Needle Play – Death by Dying
Boston’s Needle Play claim to play “math fusion” and “jazzcore”, and they do not lie! Their sophomore release, Death by Dying—and its instrumental version, Death by Detail—proves it once again. Variable geometry riffs clash with very few things that could be labelled “jazz”, safe the occasional clean section and usual complex harmonies. Great album for angry dying.
Otis Sandsjö – Y-Otis 2 (We Jazz)
OK, the album artwork and title might be detrimental to its first impression, but it’s all going to go out of the window once you hit play. Swedish saxophonist Otis Sandsjö is back with an amazing electro-jazz record, an instrumental, part R&B, part hip-hop, parts jazz fusion, neo-classical, and drum & bass. It’s a solid album that’s definitely going to hook you.
Byzmuti – Τίποτα [Típota] (Orb Tapes)
Byzmuti‘s Τίποτα [Típota] might be a 2019 latecomer, but it came back up thanks to Orb Tapes’s physical release this month. Contrary to typical nu jazz and R&B fashion, this album consists of only four songs, but these are all around ten to fifteen minutes long. Thanks to these impressive lengths, the songs each have convoluted structures and don’t shy from straying off the beaten path. This makes for a very progressive experience, and one that’ll definitely not go by unnoticed.
Thanya Iyer – Kind (Topshelf)
Kind is the latest album from Montréal singer and multi-instrumentalist Thanya Iyer, where pop and jazz blend together into a somewhat experimental, off-kilter experience. It has soul, it has melodic hooks, it has improvisation, it has electronics… It has it all, and it’s an outstanding record!
Quinsin Nachoff – Pivotal Arc (Whirlwind)

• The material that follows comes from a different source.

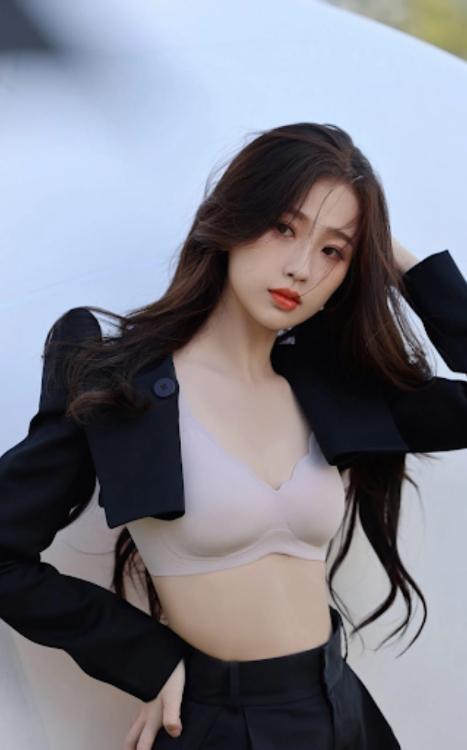 Ngu Thư Hân bị chê tơi tả trong đêm GQ 2023, outfit cực đẹp nhưng lớp makeup như cả kí phấn-6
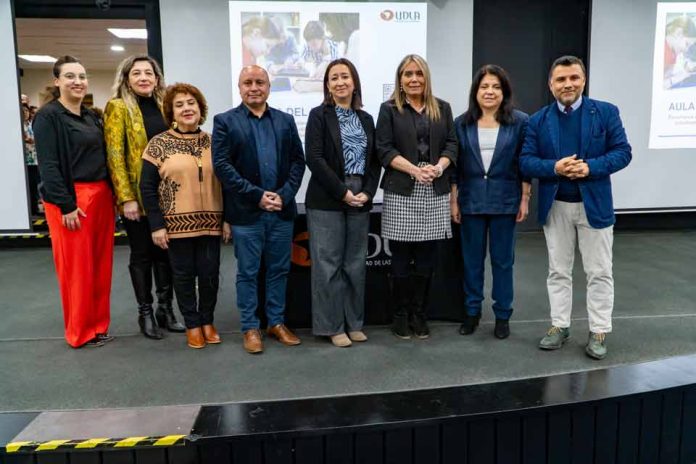 Docentes y asistentes de colegios de Quilpué se capacitan en estrategias inclusivas para abordar el autismo a través de proyecto Aula del Futuro de UDLA Docentes y asistentes de colegios de Quilpué se capacitan en estrategias inclusivas para abordar el autismo a través de proyecto Aula del Futuro de UDLA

Pivotal Arc sees the release of three of composer and saxophonist Quinsin Nachoff‘s compositions: a violin concerto in three movements, a string quartet in four, and the title track. On this album, contemporary classical and avant-garde jazz meet and interbreed into a powerful combination of the best of both worlds.
Pedro Melo Alves – In Igma (Clean Feed)
Pedro Melo Alves is a Portuguese drummer and composer dwelling in avant-garde jazz and electroacoustic compositions. On In Igma, out via the Clean Feed label, we can hear five of Pedro’s compositions mostly focused on voice and atmosphere. They sound like a soundtrack to some ritual or a tense horror movie. It might be a rather deranging experience, but it’s beautiful and awesome at the same time.